One of the key reasons for the change to revenue recognition standards is that companies in different industries had different accounting practices. In other words, there was no conformity. This was a major concern for rule setting agencies. To ensure that all companies are using the same set of standards to report revenue, FASB has clearly stated its approach. It has stated that entities should recognize revenue “to depict the transfer of promised goods or services to customers in an amount that reflects the consideration to which the entity expects to be entitled in exchange for those goods or services.” To help companies apply this principle, they have outlined a five step process for recognition:
- Identify the contract(s) with a customer.
- Identify the performance obligations in the contract.
- Determine the transaction price.
- Allocate the transaction price to the performance obligations in the contract.
- Recognize revenue when (or as) the reporting organization satisfies a performance obligation.
Impact on Construction/Contractors
To most business owners the information above may seem like a foreign language. After all, how will this really impact my business? The truth is that there will be a practical impact on current practices for everyone in the construction industry.
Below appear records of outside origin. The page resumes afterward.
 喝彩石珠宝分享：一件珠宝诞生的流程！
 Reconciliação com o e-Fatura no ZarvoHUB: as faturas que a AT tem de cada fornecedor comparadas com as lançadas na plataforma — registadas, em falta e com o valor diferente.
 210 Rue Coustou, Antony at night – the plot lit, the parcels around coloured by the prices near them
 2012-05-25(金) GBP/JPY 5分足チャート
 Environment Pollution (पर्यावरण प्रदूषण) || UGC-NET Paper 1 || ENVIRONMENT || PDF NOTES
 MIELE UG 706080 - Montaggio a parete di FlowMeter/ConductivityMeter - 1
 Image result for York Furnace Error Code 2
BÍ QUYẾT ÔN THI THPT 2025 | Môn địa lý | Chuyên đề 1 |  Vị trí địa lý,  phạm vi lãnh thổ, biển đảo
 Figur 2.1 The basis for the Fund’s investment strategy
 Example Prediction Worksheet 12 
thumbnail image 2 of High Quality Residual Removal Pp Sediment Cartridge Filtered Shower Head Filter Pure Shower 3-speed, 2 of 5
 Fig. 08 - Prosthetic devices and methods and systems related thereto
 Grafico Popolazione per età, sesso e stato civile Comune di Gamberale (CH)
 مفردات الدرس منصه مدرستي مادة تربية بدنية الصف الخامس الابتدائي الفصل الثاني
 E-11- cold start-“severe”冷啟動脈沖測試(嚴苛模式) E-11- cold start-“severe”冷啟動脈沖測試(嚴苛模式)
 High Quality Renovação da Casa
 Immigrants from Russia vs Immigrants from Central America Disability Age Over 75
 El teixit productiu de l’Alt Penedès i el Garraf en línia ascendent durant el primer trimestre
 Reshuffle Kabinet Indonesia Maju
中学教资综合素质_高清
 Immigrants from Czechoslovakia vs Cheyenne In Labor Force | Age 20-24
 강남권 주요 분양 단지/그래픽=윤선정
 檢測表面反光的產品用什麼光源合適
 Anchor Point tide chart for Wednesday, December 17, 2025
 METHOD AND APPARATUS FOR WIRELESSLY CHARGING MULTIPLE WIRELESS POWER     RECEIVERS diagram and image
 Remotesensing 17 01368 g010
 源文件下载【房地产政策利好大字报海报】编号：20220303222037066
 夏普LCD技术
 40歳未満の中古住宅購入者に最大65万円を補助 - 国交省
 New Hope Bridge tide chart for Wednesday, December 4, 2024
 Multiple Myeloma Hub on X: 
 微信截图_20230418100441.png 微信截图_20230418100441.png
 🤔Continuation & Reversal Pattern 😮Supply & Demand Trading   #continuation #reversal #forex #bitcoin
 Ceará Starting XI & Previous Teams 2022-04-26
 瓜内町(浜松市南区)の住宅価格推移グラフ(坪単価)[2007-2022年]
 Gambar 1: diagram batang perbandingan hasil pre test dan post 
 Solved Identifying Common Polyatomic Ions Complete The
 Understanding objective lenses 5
Below is just a sample of the impact:
- Change Orders – Using the 5 step process it is possible that a change order may represent a new contract with a customer. The key for determining whether a new contract has been created is whether or not it is distinct from the original contract. For example, if the contract is distinct and has its own price then it’s treated as a new contract and accounted for as such. If a change order uses goods and services, not distinct from the existing contract, then no new contract accounting obligation exists. The rules governing change orders are quite complex but generally speaking these examples allude to the classification process.
- Uninstalled Materials – Under the new guidance, contractors will be able to (in most cases) recognize revenue equal to the cost of the uninstalled materials assuming the customer has taken control. Remember, there are criteria that need to be met for these materials to be recognized as revenue. Determination is based on contract and circumstance specifics.
- Transition Process – Contractors will not be required to recalculate all existing contracts under the new regulations when implemented. To make compliance easier, FASB will allow companies to either restate prior periods on the financial statement or account for contracts in progress and any new contracts that may arise going forward.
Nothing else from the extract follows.